The University of Nottingham

It’s long been known that increased activity related to the 11-year solar cycle may disrupt Global Navigation Satellite Systems (GNSS). As we approach the 2013 solar maximum, researchers at the Nottingham Geospatial Institute (NGI) have developed a new technique which retains a high degree of accuracy under adverse ionospheric conditions.

One of the major threats to our ever-increasing dependence on GNSS technology is the sun, with solar-related phenomena affecting in particular the Earth’s upper atmosphere — the ionosphere. Effects such as ionospheric scintillation — fluctuations in the GNSS satellites signal phase and amplitude caused by disturbances in the ionosphere — may corrupt signal tracking. GNSS technology currently has little or no protection from this disruptive phenomenon.

Researchers at the NGI have developed a new technique that improves GNSS positioning accuracy under the adverse tracking circumstances that arise during ionospheric disruptions. The technique improves position estimates without using external models to predict the distorting scintillation effects.

The new technique is particularly useful for applications demanding a high degree of accuracy, such as those relying on Precise Point Positioning (PPP) technology — an advanced GNSS positioning method that is currently under development.  The technique proposed at the NGI uses information that can be extracted from any GNSS receiver in real time as it ‘senses’ the effects of the ionosphere. This information can then be applied to counter ionospheric disturbances that currently limit the accuracy attainable by the PPP technology.

The new method will be valuable across a range of industries — from dynamic positioning in oil exploration and production to precision agriculture, where the automated localised application of pesticides and fertilisers requires high levels of accuracy to maximise yield and profit while reducing carbon footprint.
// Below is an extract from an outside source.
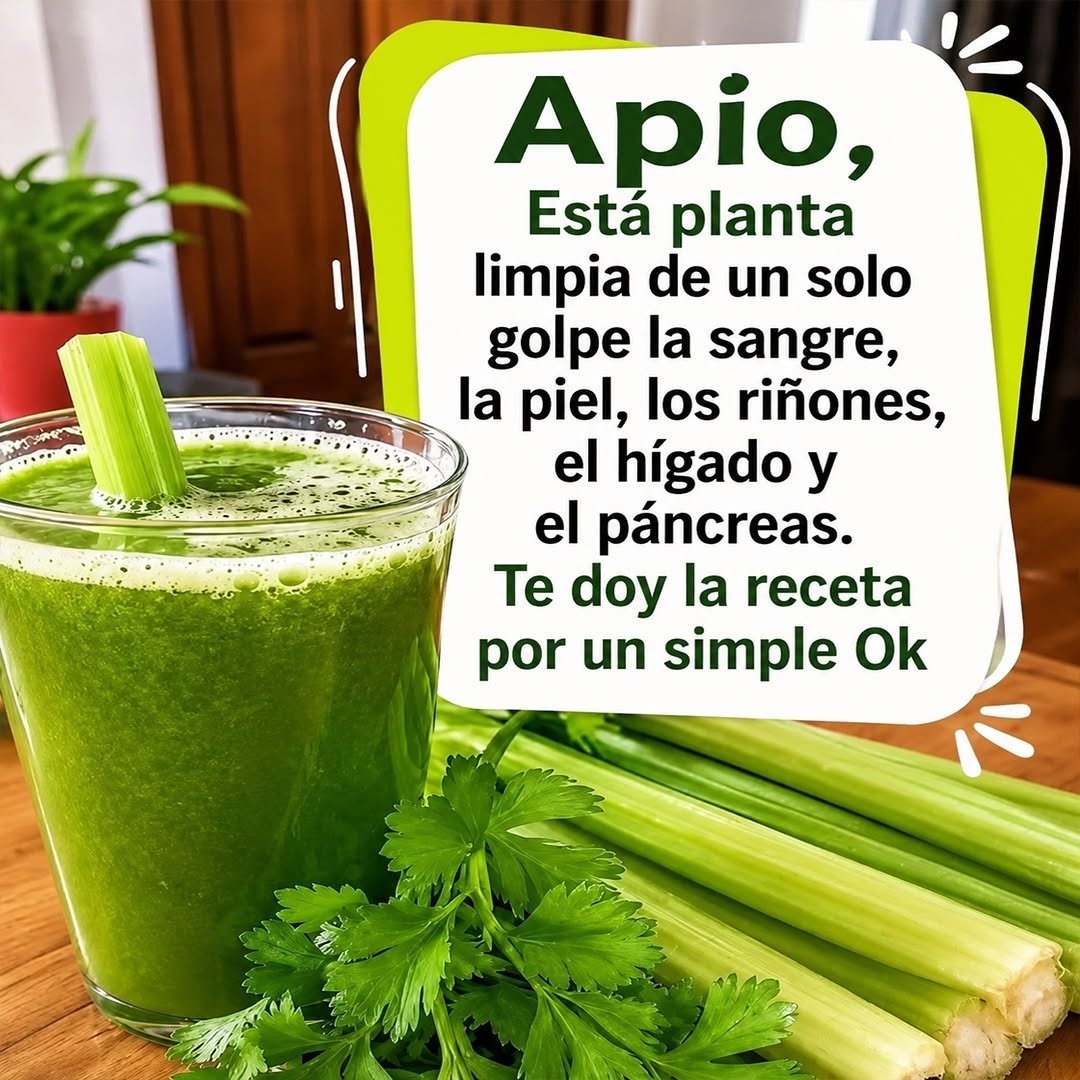 Apio: el vegetal humilde que puede transformar tu salud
Fields such as surveying, geodesy, mapping and construction would also benefit.

The technique is currently in the test phase, with promising initial results.
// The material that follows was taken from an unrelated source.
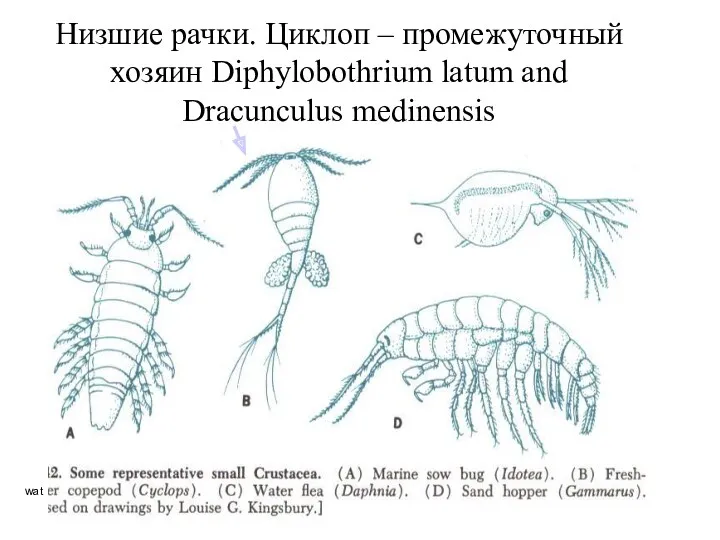 wat Низшие рачки. Циклоп – промежуточный хозяин Diphylobothrium latum and Dracunculus medinensis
Dr Marcio Aquino, Principal Research Fellow at the Nottingham Geospatial Institute, is leading a number of projects addressing the effects of ionospheric disturbances on GNSS.
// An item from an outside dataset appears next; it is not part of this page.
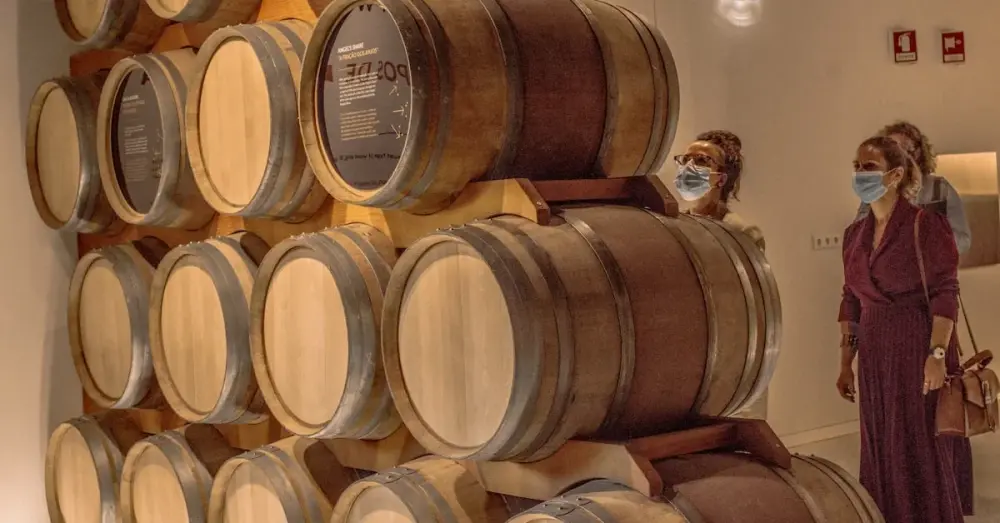 Douro Museum in Régua: Portugal's Finest Wine Museum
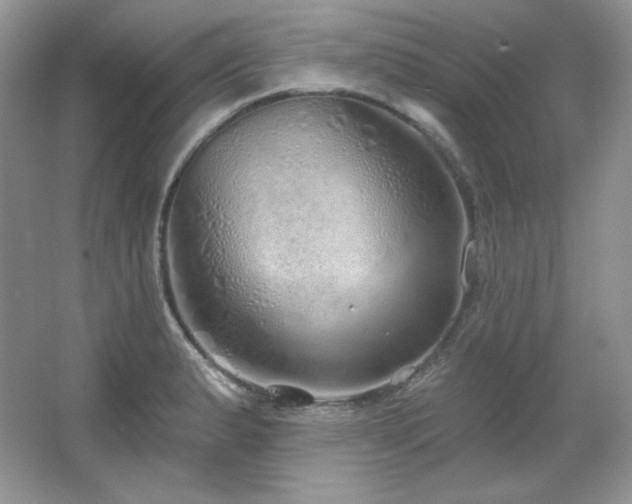 X0000067941183200604131441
“Global Navigation Satellite Systems (GNSS) are now fully embedded in modern society, from in-car navigation to the timing of global financial transactions,” he said. “We rely on them — which is why ensuring the accuracy of these systems used across the planet is a key research strand at the Nottingham Geospatial Institute.”

“Regions at both high and equatorial latitudes are particularly affected by these phenomena, including northern Europe, Latin America, India and parts of China. GNSS multiple frequency range measurements and special algorithms can be used to model the overall effect of the ionosphere. But the state of the ionosphere can be erratic, depending on prevailing solar activity and its influence on the geomagnetic field. This creates additional disturbances that aren’t so easy to model — which is why the new technique being developed at Nottingham is so important to industry.”

Research into the effects of solar-related phenomena on GNSS at NGI is currently funded through the EPSRC project Polaris and the FP7 project TRANSMIT — Training, Research and Application Network to Support the Mitigation of Ionospheric Threats.